Project Summary / Abstract
In the last decade there has been an explosion of resolved high-resolution structures of G-protein coupled
receptors (GPCRs) and their complexes with several G-proteins, collectively known as transducer proteins. GPCRs
are dynamic proteins, and exist in multiple functional conformational states. Comparisons of three-dimensional
structures of the inactive and active states of GPCRs have led to identification of residue pair distances that show
distinct changes upon activation. Such residue pairs are known as “activation microswitches”. Molecular Dynamics
(MD) simulations is an attractive tool for identifying (i) the residue pairs that are critical to GPCR activation, (ii)
residue pairs involved in allosteric communication from the ligand binding site to the G protein coupling site, and (iii)
residue pairs in the GPCR:G protein interfaces that contribute to their coupling strength and selectivity.

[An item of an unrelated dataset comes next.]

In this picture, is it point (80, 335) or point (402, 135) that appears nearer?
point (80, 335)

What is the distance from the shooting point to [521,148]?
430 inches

While our ability to generate long time scale dynamics trajectories have increased exponentially, the results of
MD simulations have largely been analyzed using prior knowledge of the GPCRs. There is a critical need for
adopting the unbiased, data-driven, systems biology tools to analyze long time scale MD trajectories data to mine
knowledge on the residue motions that provide information on allosteric communication network in GPCRs. Our
overarching goal in this grant is to apply Bayesian Network (BN) modeling, an interpretable machine learning
methodology, to the MD simulation trajectories data on GPCR:G protein complexes in order to identify the residues in
various GPCR structural regions that contribute to ligand selectivity. Network-centered approaches have not been
used, so far, to analyze high-dimensional residue pairs MD simulation data. BN modeling, in particular, has attractive
properties (interpretability, probabilistic nature of the data representation, statistical validation, tools for topology
comparison and analysis) that presently deployed secondary MD simulation data analysis methods, such as principal
component analysis (PCA) of residue pairs, lack.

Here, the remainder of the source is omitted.